We will be introducing NASA MODIS land products, and viewing the MODIS LAI product as an example. This notebook should serve as an introduction to accessing similar products from Earthdata.

For further work on NASA datasets, a student might consider using an explicit API to access the data. If all you want is to get hold of some data product for some defined location and time, then you might use an API such as Appeears.

Prerequisites

Since the idea of this section is to get used to the datasets, the requirement for coding is quite low. You should have some familiarity with the following:

Test

You should run a NASA account test if you have not already done so.

MODIS LAI product

To introduce geospatial processing, we will use a dataset from the MODIS LAI product over the UK.

The data product MOD15 LAI/FPAR has been generated from NASA MODIS sensors Terra and Aqua data since 2002. We are now in dataset collection 6 (the data version to use).

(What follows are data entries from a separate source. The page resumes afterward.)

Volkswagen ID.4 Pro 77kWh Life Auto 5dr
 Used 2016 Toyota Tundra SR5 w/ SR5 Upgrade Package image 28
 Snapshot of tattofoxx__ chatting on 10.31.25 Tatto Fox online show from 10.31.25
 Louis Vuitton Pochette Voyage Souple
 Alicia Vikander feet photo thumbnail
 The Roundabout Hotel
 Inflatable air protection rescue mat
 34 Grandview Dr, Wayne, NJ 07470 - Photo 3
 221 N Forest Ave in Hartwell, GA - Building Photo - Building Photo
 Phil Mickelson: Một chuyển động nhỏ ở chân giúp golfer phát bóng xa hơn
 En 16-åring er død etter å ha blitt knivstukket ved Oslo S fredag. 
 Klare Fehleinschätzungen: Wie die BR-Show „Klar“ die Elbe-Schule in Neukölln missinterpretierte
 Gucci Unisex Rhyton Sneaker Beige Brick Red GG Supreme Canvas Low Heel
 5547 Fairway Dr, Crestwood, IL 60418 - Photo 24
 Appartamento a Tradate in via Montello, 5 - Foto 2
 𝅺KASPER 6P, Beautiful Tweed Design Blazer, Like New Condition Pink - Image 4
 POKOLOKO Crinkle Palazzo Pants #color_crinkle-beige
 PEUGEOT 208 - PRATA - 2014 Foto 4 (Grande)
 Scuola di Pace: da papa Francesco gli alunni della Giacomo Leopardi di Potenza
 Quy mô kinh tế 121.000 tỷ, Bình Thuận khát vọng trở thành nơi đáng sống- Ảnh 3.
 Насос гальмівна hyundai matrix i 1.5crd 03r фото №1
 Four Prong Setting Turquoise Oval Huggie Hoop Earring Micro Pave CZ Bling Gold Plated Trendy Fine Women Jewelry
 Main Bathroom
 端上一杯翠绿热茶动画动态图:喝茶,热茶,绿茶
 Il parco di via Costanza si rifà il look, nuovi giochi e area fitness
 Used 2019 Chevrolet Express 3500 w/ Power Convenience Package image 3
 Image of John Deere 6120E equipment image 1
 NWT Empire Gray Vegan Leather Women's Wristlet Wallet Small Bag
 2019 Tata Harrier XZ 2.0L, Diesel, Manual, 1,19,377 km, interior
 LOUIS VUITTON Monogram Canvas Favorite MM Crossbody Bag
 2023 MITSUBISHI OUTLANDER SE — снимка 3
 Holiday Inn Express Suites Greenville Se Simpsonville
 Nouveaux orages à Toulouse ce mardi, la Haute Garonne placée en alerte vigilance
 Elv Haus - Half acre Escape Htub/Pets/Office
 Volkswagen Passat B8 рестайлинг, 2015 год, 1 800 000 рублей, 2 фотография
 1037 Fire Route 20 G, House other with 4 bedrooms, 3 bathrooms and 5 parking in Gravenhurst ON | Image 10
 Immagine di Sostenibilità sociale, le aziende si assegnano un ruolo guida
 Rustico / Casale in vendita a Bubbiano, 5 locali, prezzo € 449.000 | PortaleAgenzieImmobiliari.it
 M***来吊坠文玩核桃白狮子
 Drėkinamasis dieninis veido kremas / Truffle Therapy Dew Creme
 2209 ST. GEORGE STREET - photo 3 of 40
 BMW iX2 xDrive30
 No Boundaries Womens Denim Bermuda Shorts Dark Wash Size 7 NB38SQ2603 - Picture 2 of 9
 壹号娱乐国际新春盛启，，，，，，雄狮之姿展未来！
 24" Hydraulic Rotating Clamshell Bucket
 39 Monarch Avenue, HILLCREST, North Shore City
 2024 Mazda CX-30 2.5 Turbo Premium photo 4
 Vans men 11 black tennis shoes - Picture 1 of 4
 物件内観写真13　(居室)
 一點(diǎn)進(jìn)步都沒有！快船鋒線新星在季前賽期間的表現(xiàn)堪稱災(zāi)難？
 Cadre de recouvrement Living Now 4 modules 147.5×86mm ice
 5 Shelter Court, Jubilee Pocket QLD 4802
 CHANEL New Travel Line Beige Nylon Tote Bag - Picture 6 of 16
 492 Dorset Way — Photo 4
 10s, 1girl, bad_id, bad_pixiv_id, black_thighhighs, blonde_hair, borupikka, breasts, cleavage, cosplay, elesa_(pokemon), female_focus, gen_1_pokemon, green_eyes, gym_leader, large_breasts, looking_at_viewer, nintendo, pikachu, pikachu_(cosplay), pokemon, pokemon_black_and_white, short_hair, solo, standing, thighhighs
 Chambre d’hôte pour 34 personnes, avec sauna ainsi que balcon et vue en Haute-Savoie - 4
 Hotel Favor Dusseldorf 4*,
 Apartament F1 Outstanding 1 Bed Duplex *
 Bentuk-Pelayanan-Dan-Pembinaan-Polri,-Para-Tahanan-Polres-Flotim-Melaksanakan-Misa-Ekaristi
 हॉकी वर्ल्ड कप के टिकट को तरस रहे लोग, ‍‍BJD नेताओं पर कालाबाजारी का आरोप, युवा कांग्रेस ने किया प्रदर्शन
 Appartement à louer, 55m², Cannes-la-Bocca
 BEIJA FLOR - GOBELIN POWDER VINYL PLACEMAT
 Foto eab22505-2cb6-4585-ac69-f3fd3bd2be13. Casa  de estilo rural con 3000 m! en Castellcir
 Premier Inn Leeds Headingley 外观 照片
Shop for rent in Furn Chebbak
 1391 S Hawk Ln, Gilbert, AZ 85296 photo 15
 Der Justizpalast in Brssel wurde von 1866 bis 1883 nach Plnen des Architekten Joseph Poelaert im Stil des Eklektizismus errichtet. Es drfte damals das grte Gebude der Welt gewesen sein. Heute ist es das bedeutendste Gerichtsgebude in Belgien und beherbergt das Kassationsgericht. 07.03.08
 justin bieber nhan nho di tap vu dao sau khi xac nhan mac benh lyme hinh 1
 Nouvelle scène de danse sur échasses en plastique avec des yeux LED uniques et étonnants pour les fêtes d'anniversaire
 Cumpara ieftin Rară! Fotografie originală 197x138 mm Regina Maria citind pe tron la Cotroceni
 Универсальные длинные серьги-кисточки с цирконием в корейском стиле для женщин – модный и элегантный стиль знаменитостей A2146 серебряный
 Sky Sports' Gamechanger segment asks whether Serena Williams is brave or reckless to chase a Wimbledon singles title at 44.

LAI is defined as the one-sided green leaf area per unit ground area in broadleaf canopies and as half the total needle surface area per unit ground area in coniferous canopies. FPAR is the fraction of photosynthetically active radiation (400-700 nm) absorbed by green vegetation. Both variables are used for calculating surface photosynthesis, evapotranspiration, and net primary production, which in turn are used to calculate terrestrial energy, carbon, water cycle processes, and biogeochemistry of vegetation. Algorithm refinements have improved quality of retrievals and consistency with field measurements over all biomes, with a focus on woody vegetation.

We use such data to map and understand about the dynamics of terrestrial vegetation / carbon, for example, for climate studies.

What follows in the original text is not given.